After many self cleanings and parking the heads on Windex soaked pads, I finally ordered a new black head. With the new head on the way, I suddenly got more brave and took out the old head to experiment with various cleaning methods and solvents. 

I tried lots of solvents I had in the shop, as I had nothing to lose. I just tried them around the edge of the head, not internally or directly on the nozzles.

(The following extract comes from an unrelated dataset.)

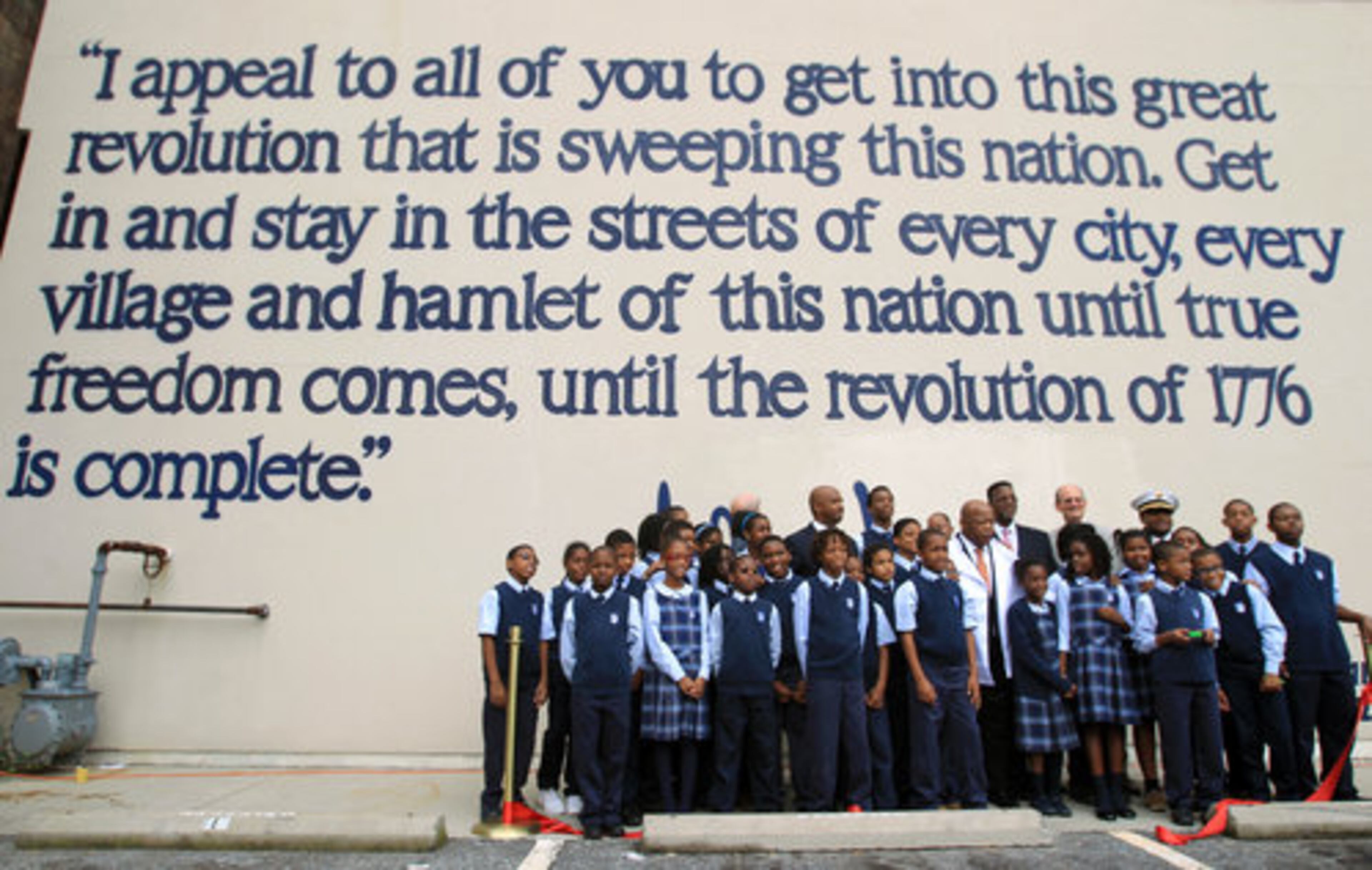 Lewis (center in white coat), poses for a photograph with officials and students from Imhotep Academy in front of the mural. On this wall is written a portion of Lewis' speech from the March on Washington on August 28, 1963.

Somewhat discouraged by my results, I skeptically boiled a cleaned coffee cup full of DISTILLED water in the microwave and when the dirty head was barely dipped into the still hot, distilled water--to my delight the cup INSTANTLY filled with black ink Hot water was CLEARLY the winner. 

So, having found my solvent, I went to the hobby store to buy a short length of tiny model airplane fuel line for my attachment "nipple" to fit between a hypodermic syringe and the ink post on the print head.

I simply sucked hot, distilled water out of the cup of hot water into the syringe, and gently injected in into the plugged head. At first I got ZERO fluid out, so I also dipped the tip of the printhead into the still hot water cup, while GENTLY pushing the hot water into the head from my syringe. Voilla! One or Two nozzles began to open.

In bright light, I could actually watch the hot water jet out into the open air. At first just a few sprayed out, and then more and more nozzles opened up, during this decidedly prolonged process. 

I was able to predict which nozzles would open next, by observing a tiny black dot on each print head nozzle, confirmed by corresponding black dot on a white paper towel used as a blotter. Toward the end of the process, I also let the printhead (with hot water syringe still attacjed) rest, nozzles down, on a saucer containing a small amount of Windex. I don't know if that helped or not. A couple of hours were spanned during each cleaning proceedure, all of which were done with the print head on the bench, not installed in the printer.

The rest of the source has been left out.